TASK STATEMENT »
Retype all data exactly as given. Pictures should not be retyped.
(DATA PROVIDED begins)
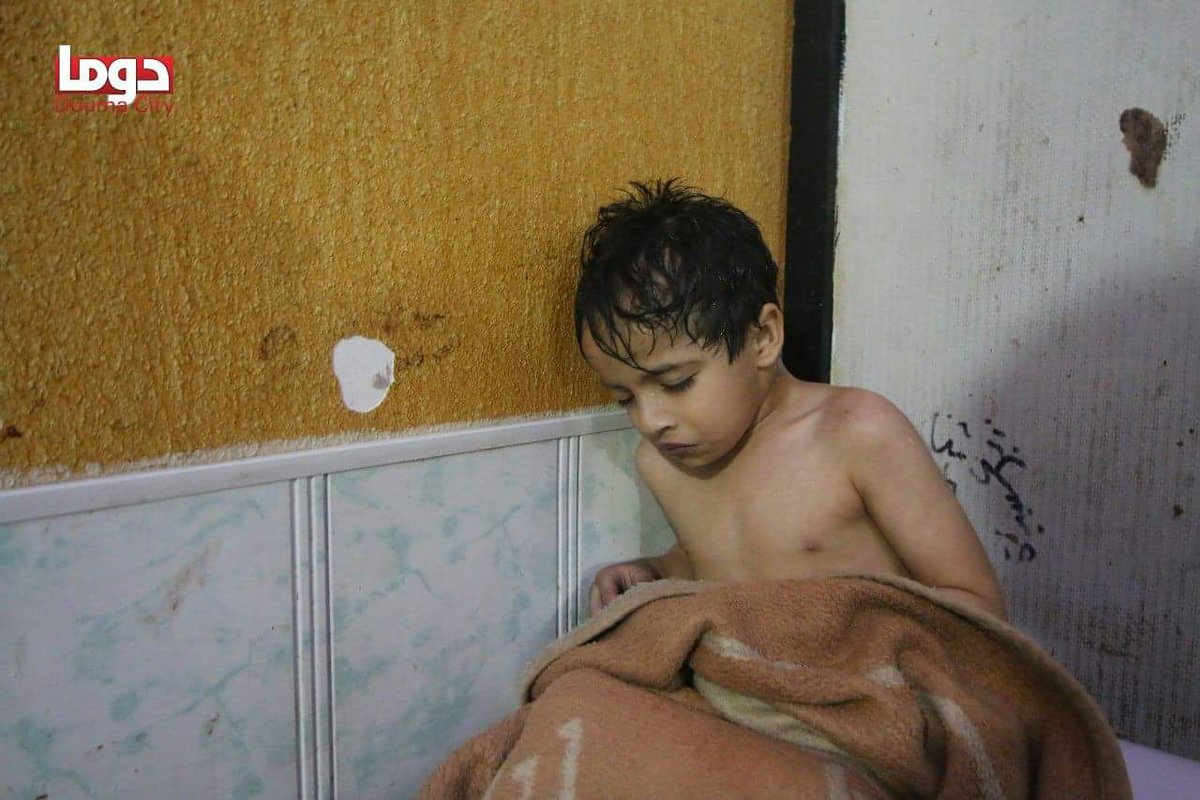 NwarAlahmad's tweet photo. إرتفاع عدد شهداء مجزرة #الكيماوي التي قامت بها عصابات الأسد بمدينة #دوما في الغوطة الشرقية إلى أكثر من 150 شهيداً وألف حالة اختناق حتى اللحظة. الصور في التعليق

#الاسد_يقصف_دوما_بالكيماوي https://t.co/FeuWsbrrAv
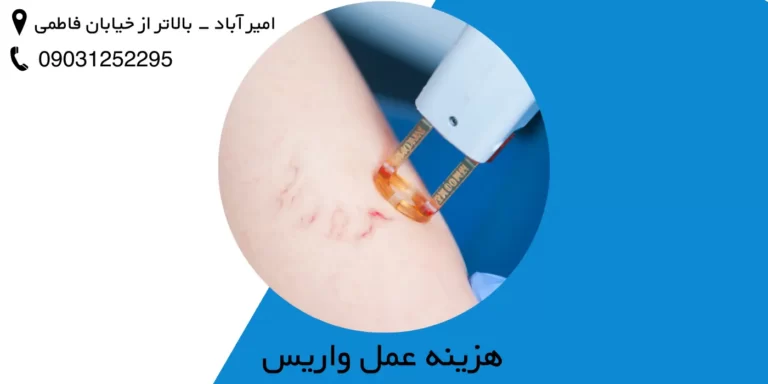 هزینه عمل جراحی واریس پا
(DATA PROVIDED ends)
RESPONSE TO THIS EXERCISE »
 NwarAlahmad's tweet photo. إرتفاع عدد شهداء مجزرة #الكيماوي التي قامت بها عصابات الأسد بمدينة #دوما في الغوطة الشرقية إلى أكثر من 150 شهيداً وألف حالة اختناق حتى اللحظة. الصور في التعليق

#الاسد_يقصف_دوما_بالكيماوي https://t.co/FeuWsbrrAv
 هزینه عمل جراحی واریس پا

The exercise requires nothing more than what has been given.